* _To do_
The following entries are to be repeated exactly, and the pictures are to be left behind.

Captioned web image data
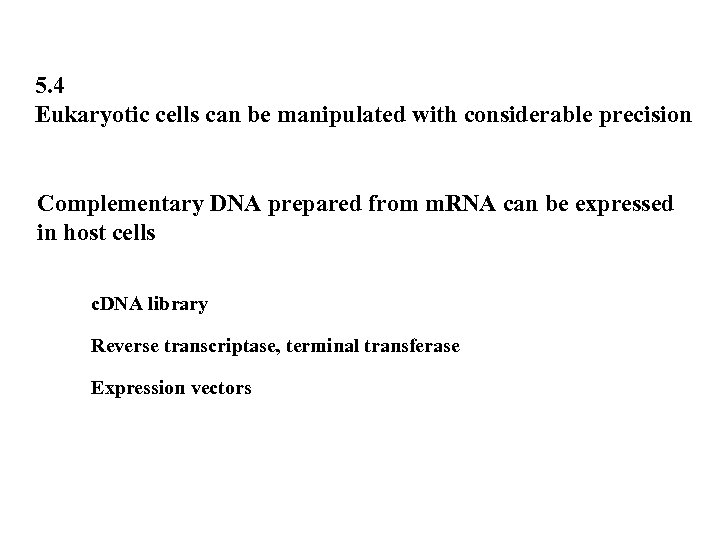 5. 4 Eukaryotic cells can be manipulated with considerable precision Complementary DNA prepared from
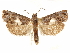  ( - CCDB-29467-E04)  @11 [ ] CreativeCommons - Attribution (2017) CBG Photography Group Centre for Biodiversity Genomics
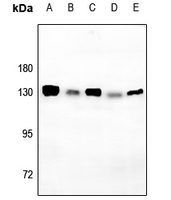 CD130/gp130 (Phospho-Ser782) Antibody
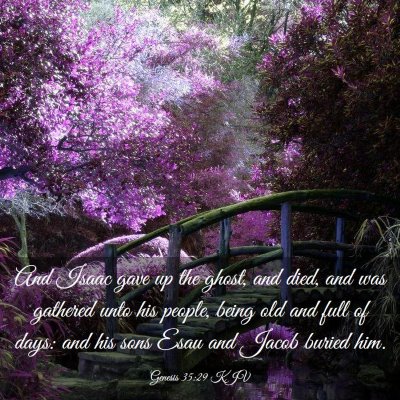 Picture 03 - Genesis 35:29 KJV - And Isaac gave up the ghost, and died, and was - Bible Verse Picture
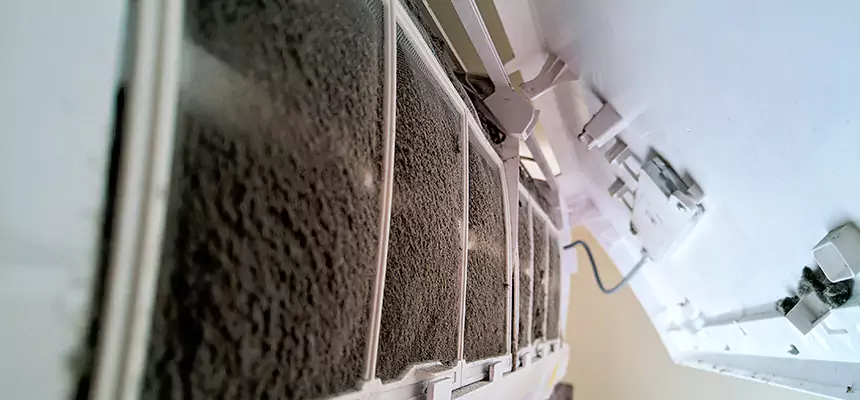 Preventive Air Duct Bacteria Removal in Sidney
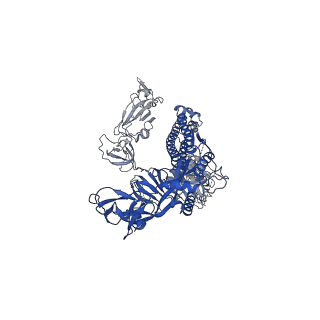 30898_7dx7_C_v1-2
Trypsin-digested S protein of SARS-CoV-2 bound with PD of ACE2 in the conformation 1 (1 up RBD and 1 PD bound)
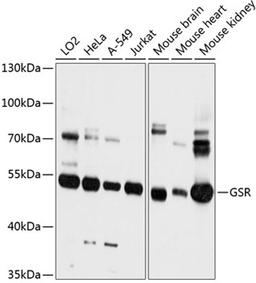 Western blot - GSR antibody (A12070)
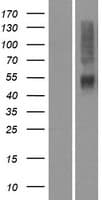Human OR4K14 Protein (Over-Expression Lysate Myc-DDK (Flag))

* _Finished exercise_
 5. 4 Eukaryotic cells can be manipulated with considerable precision Complementary DNA prepared from
  ( - CCDB-29467-E04)  @11 [ ] CreativeCommons - Attribution (2017) CBG Photography Group Centre for Biodiversity Genomics
 CD130/gp130 (Phospho-Ser782) Antibody
 Picture 03 - Genesis 35:29 KJV - And Isaac gave up the ghost, and died, and was - Bible Verse Picture
 Preventive Air Duct Bacteria Removal in Sidney
 30898_7dx7_C_v1-2
Trypsin-digested S protein of SARS-CoV-2 bound with PD of ACE2 in the conformation 1 (1 up RBD and 1 PD bound)
 Western blot - GSR antibody (A12070)
Human OR4K14 Protein (Over-Expression Lysate Myc-DDK (Flag))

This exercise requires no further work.